## Materials provided
<<<<

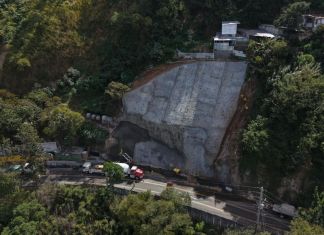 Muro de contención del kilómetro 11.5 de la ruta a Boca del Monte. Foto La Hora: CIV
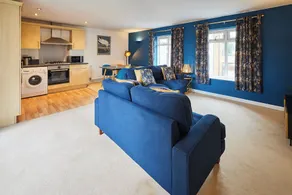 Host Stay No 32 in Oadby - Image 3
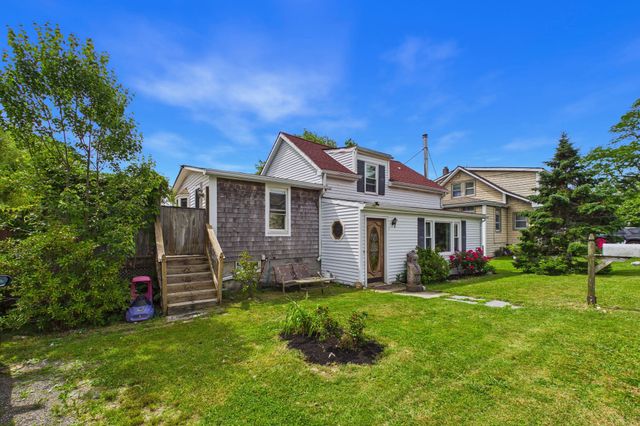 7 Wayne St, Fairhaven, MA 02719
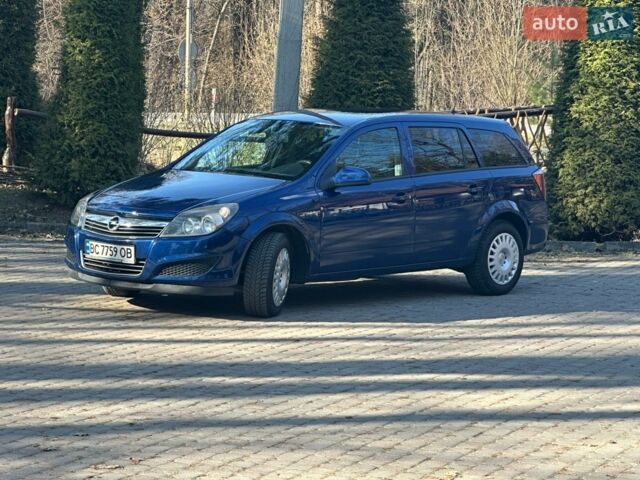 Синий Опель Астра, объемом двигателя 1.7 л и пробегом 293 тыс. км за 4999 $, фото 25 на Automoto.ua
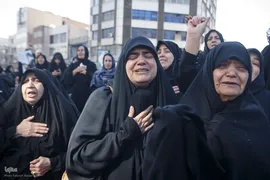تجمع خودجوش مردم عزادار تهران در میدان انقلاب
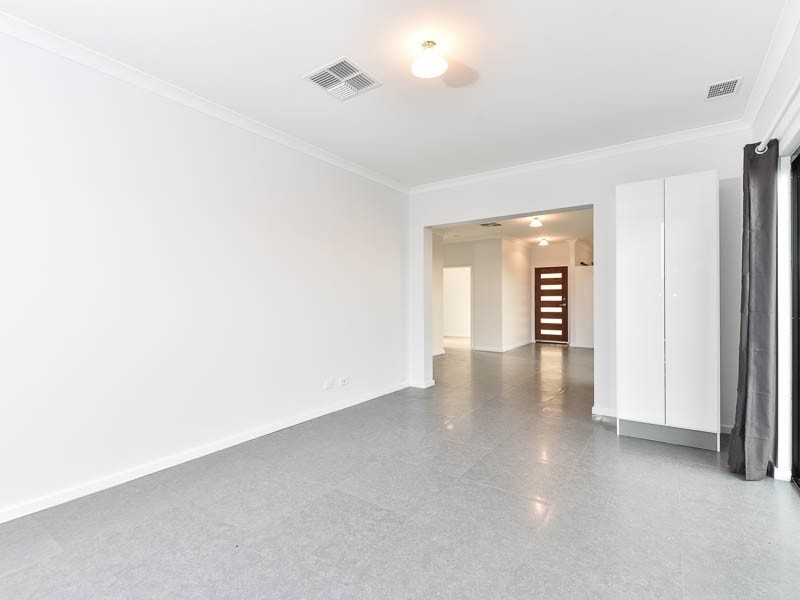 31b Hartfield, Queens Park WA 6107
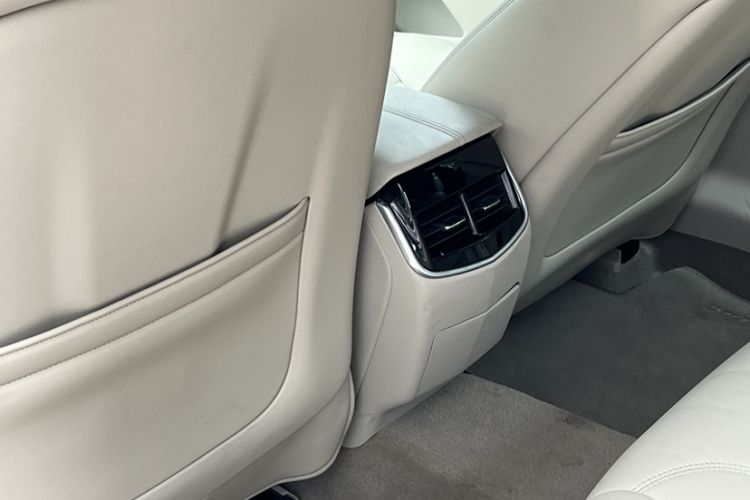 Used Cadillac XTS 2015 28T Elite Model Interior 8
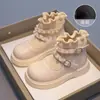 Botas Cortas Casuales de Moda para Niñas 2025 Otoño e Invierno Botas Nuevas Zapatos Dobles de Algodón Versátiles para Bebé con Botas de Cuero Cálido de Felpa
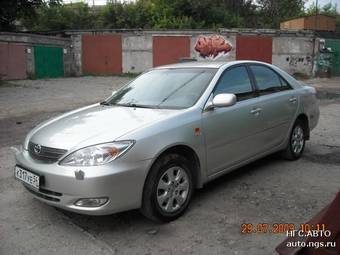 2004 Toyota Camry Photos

>>>>
<<<<

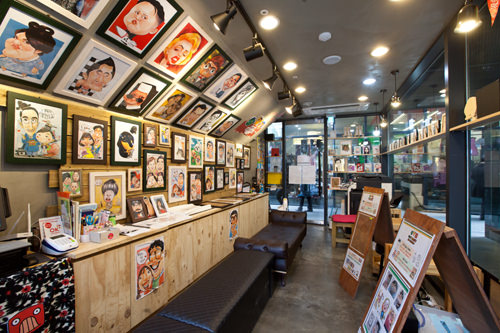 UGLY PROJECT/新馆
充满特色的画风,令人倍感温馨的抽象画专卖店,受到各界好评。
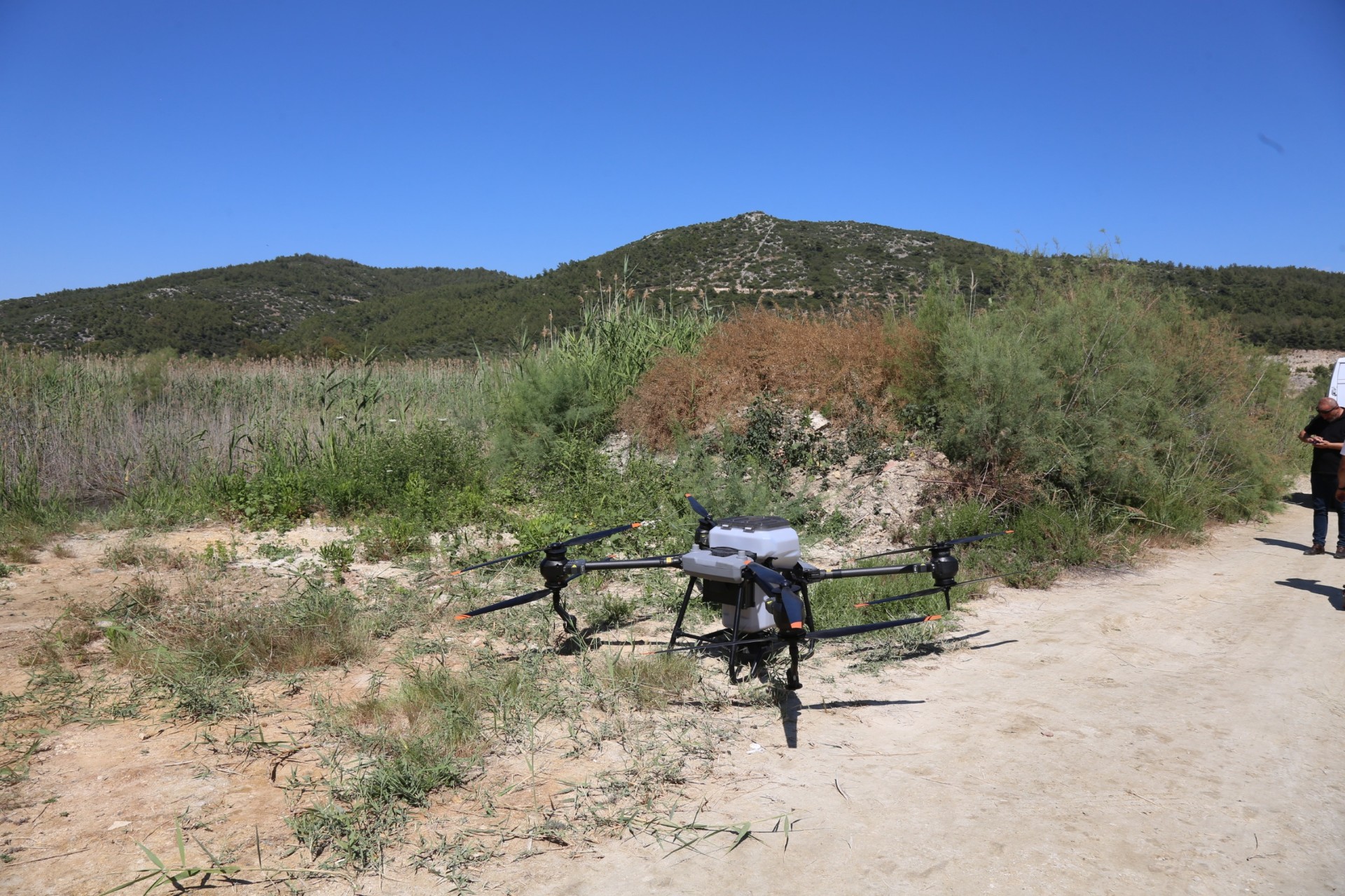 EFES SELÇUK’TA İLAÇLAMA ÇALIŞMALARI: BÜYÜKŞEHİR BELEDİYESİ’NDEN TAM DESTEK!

>>>>

Range to copy from the listing above: the line with "31b Hartfield, Queens Park WA 6107" through the line with "2004 Toyota Camry Photos". Transcribe it exactly and skip the pictures.

## Answer section
 31b Hartfield, Queens Park WA 6107
 Used Cadillac XTS 2015 28T Elite Model Interior 8
 Botas Cortas Casuales de Moda para Niñas 2025 Otoño e Invierno Botas Nuevas Zapatos Dobles de Algodón Versátiles para Bebé con Botas de Cuero Cálido de Felpa
 2004 Toyota Camry Photos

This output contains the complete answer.